The True Memoirs of Little K: A Novel
I-F-Letty avatar reviewed on + 73 more book reviews


I have just finished reading Adrienne Sharp's The True Memoirs of Little K, about Mathilde Kschessinska. It sounds like a biography but it is indeed a novel. Mathilde was the mistress of the future Nicholas II beginning when she was 17 and newly graduated from St Petersburg Imperial Ballet School, for the 3 years ending when married Alexandria, but their friendship lasted a life time. The facts seem to bear this out. She was made prima ballerina assoluta in 1896, and she acquired a great deal of valuable property over the next 20 years which Ms. Sharpe suggests is evidence of the Czar continuing patronage. True or not her influence over the ballet went on long after the affair was thought to have ended. It is told in first person and it works in this case, I found it fascinating. The 100 year old Mathilde tells her story and says the biography she wrote in 1954 is just fiction and lies. Now at the end of her life she needs to tell her son the whole truth. So begins her story


I am no expert on the Russian Revolution or the Romanovs, it is true she was a known mistress to the Czar, he didnt have many. She was also the lover to two Grand Dukes, but there is no evidence that her son Vova was Nikis son, he could have also been the son of her lover at the time the Grand Duke Sergi Mikhailovich a first cousin to Czar Nicolas II. The Grand Duke Andrei Vladimirovich also a first cousin of the Czar was her lover as well, and years later became her husband in exile. It is a plausible story and that is why I think it works so well. The research for this novel must have been immense and I am always happy when an author really knows the subject and conveys the time period so well. Mathilde is unapologetic how she lives her life, the dancers of the Imperial Ballet expected to become mistresses to powerful men, why shouldnt she be the Czars mistress as well as a Prima Ballerina, and amass a fortune? Ms. Sharpe explains that the dancers of the Imperial Ballet where servants of the Czar I realize just how totally the common people were owned and used by the powers that be. There is so much more to this story that I cannot adequately convey. The devotion of Nicolas to Alexandria, the politics of the ballet, and court, the mind boggling opulence of the time.

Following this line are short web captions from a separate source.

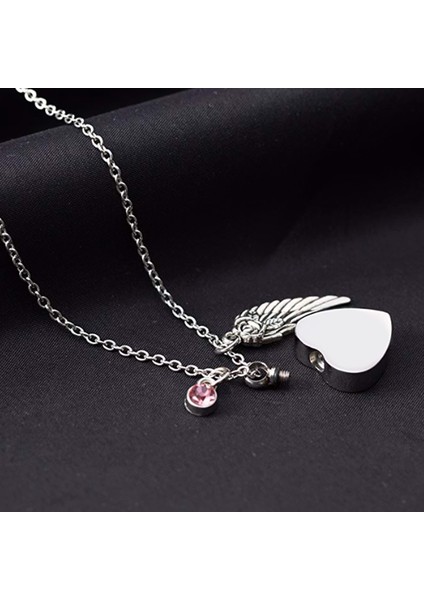 Stili Özelleştir Ağustos Kalp Urn Kolye ile Külleri Için 12 Doğum Taşları Melek Kanatları Kremasyon Kolye Anıt Külleri Urn Moda Takı Hatıra (Yurt Dışından) fırsatları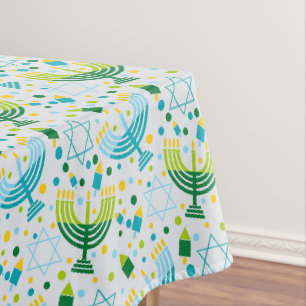 Judaica - Chanukah Tablecloth - Green & Blue Gifts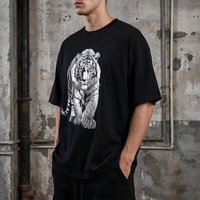 T-shirt col rond vintage 100 % coton personnalisé pour homme, style rétro urbain, impression DTG directe sur tissu, couleur unie, grammage lourd
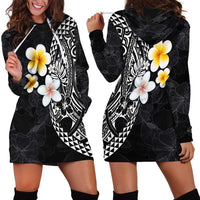 Hawaiian Hibiscus and Plumeria Polynesian Tribal Tattoo Hoodie Dress Black Color LT03 - Polynesian Pride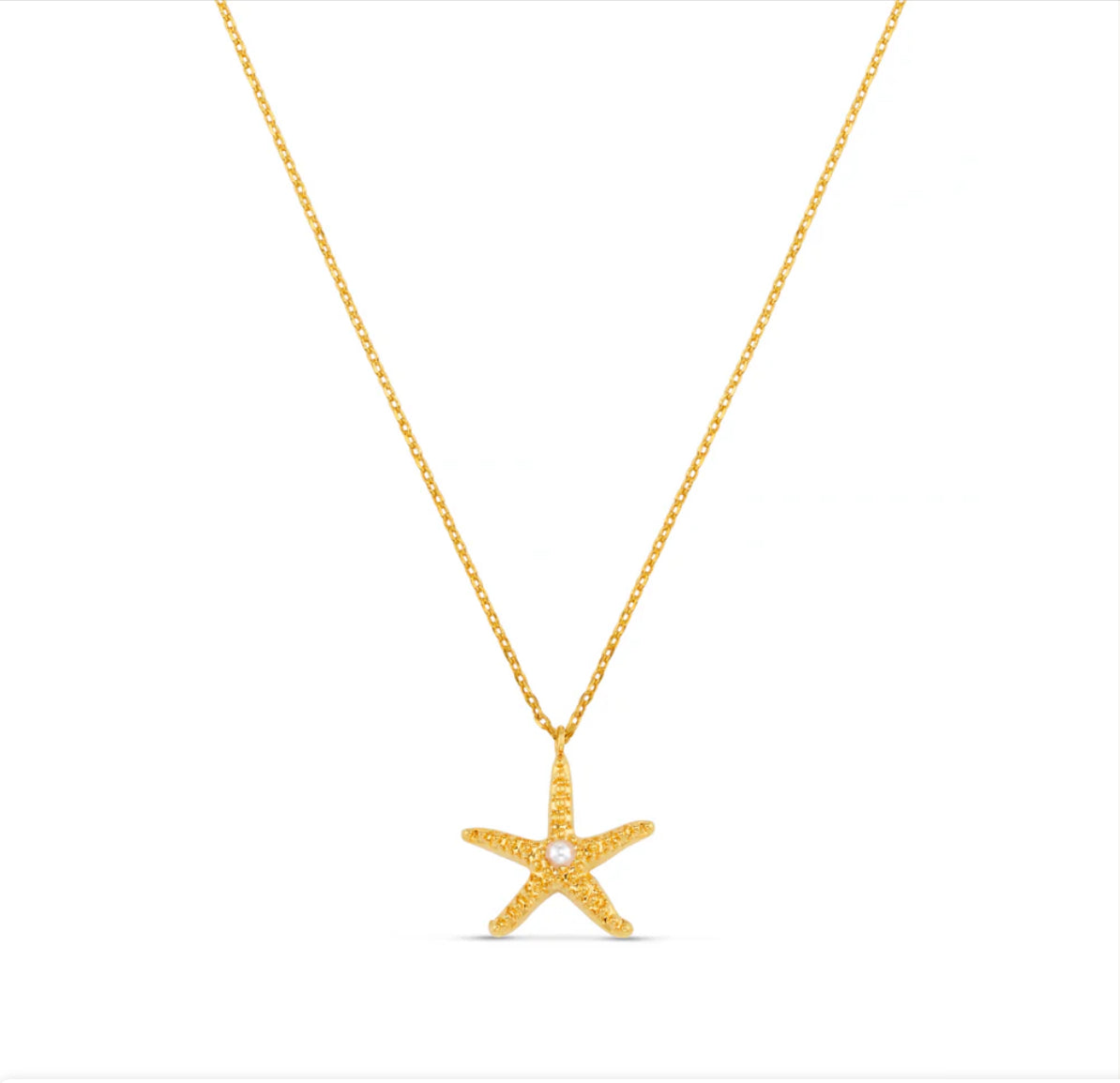 STARFISH AND PEARL CHARM NECKLACE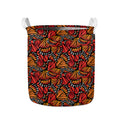 Orange Monarch Butterfly Wings Print Collapsible Laundry Basket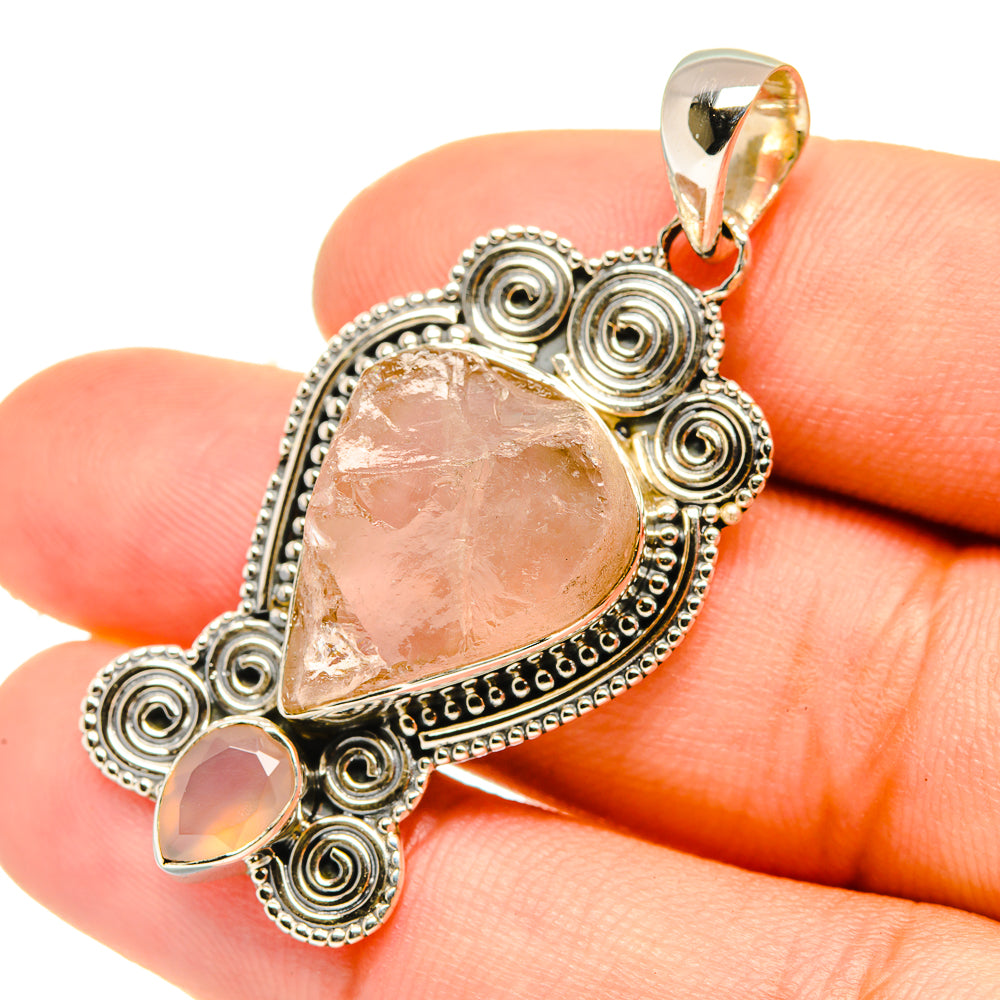 Rose Quartz Pendants handcrafted by Ana Silver Co - PD6837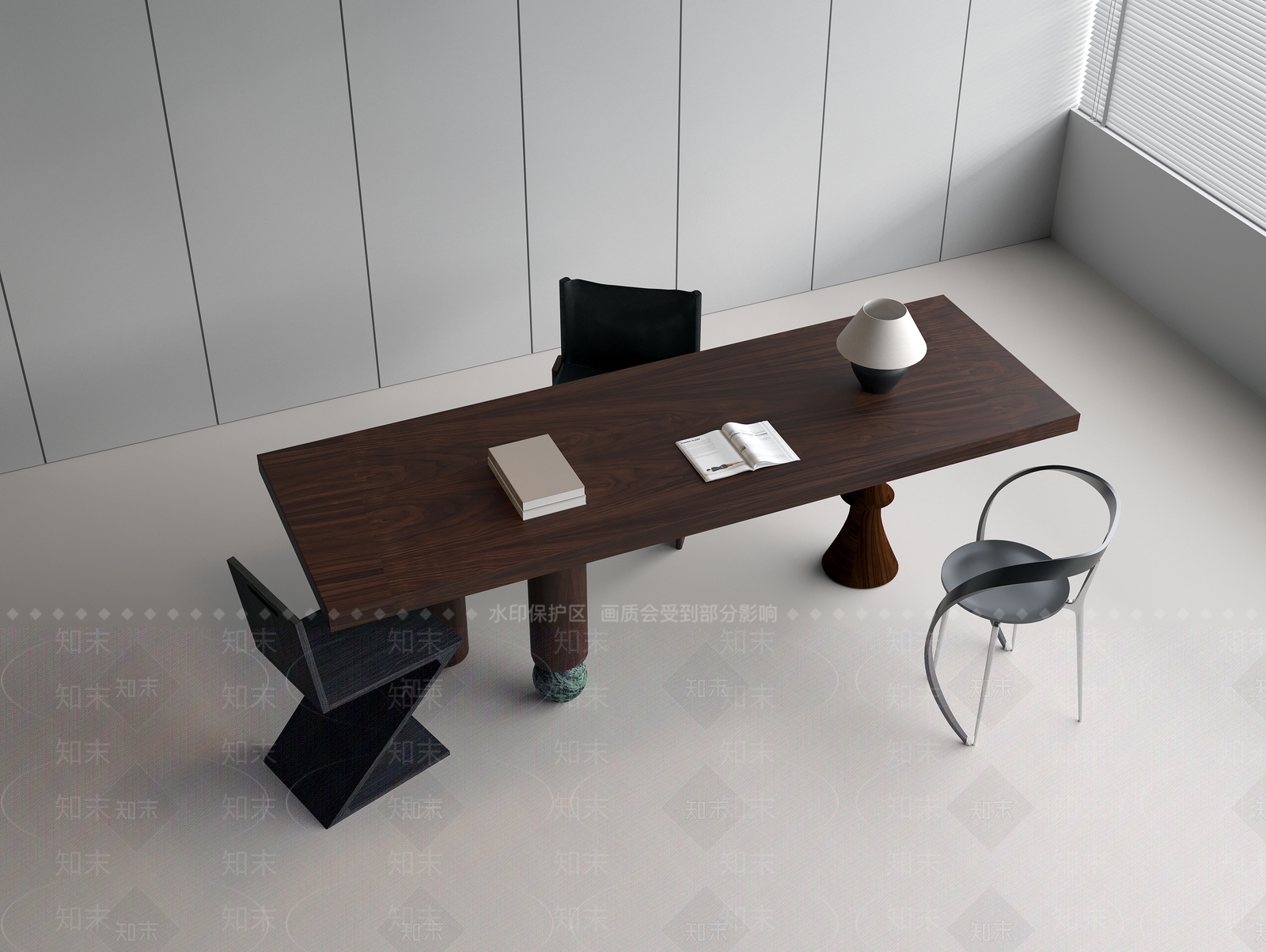 现代新中式书桌椅3D模型下载【ID:1192838161】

This is the kind of book I love to read. The one that sets me on a voyage of discovery; I have already investigated getting my hands on a copy of her memoirs the one she wrote in 1954, the memoirs are in the libraries of several universities in my area. There are also a couple of other books on her life so I will have to acquire them. I think that Sharpe did a great job and, I give this book a strong 4 stars.